Arctic Frost may not be the biggest scandal in American history – not when the government was used to frame a presidential candidate as a Kremlin ally, or when a White House cabal blatantly hid a president’s dementia from the public with the media’s help.
But the recent revelation of the Biden administration’s astonishing 2022 spying on some 430 conservatives under Arctic Frost makes it hands-down the most frightening scandal in U.S. history – for the shocking scope and brazenness of the dubious domestic spying operation.
In case you’ve missed it – and you likely have, if you get your news from legacy media – over a year after the Jan. 6 Capitol protest, and in advance of an obvious Trump reelection campaign, Biden special counsel Jack Smith used Arctic Frost, and the fearsome levers of federal might, as a pretext to spy on the political opposition.
According to the Senate Judiciary Committee, Smith issued 197 subpoenas to 34 individuals and 163 businesses covering “at least 430 named Republican individuals and entities.”

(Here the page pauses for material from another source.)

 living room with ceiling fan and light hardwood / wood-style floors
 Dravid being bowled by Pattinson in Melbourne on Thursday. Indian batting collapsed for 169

In a sweeping fishing expedition aimed at catching any Trump supporter it could in a misdeed – or just to find out what they know – the Biden administration cast a vast net to haul in citizens’ bank records and all communications between his unsuspecting targets and media outlets, the Trump White House and Congress.
Specifically, Senate Judiciary Committee Chairman Chuck Grassley, R-Iowa, said Smith was fishing for:
- Communications with media companies such as CBS, Fox News, Fox Business, Newsmax, Sinclair and others.
- Communications with “any member, employee or agent of the Legislative Branch of the U.S. Government.”
- Communications with White House advisors, such as Stephen Miller, Dan Scavino, Jared Kushner, Lara Trump and others.
- Statistical data and analysis relating to donors and fundraising efforts.
- Broad financial data relating to conservative individuals and entities.
Stasi much? What alleged crime was the predicate for spying on so many fellow Americans, pray tell? What kind of government is used to spy so flagrantly and unashamedly on its own citizens, and with such sinister groundlessness?
Not a free country’s government, that’s for sure.
Arctic Frost’s deep-sea trawling in the lives of hundreds of innocent Americans is exceeded in scope, but not nefariousness, only by Barack Obama’s massive National Security Agency spying scandal, the one exposed by government whistleblower Edward Snowden.
Still, the tundra-sized Arctic Frost scandal far eclipses dreaded Watergate – which generously gave all future scandals its “-gate” suffix – for sheer size, audacity and constitutional effrontery and disdain.
Consider the differences between Watergate and Arctic Frost:
Watergate was a reelection campaign’s slipshod attempt to spy on a hapless opposition – an operation involving five Keystone Burglars who couldn’t shoot a flashlight straight.
Watergate was not an official government scheme, and didn’t target hundreds of civilians’ communications and even bank records. Arctic Frost, in contrast, was a spying operation by a fully armed and operational government against some 400 perceived political enemies, mostly in the private sector and merely because of their political views.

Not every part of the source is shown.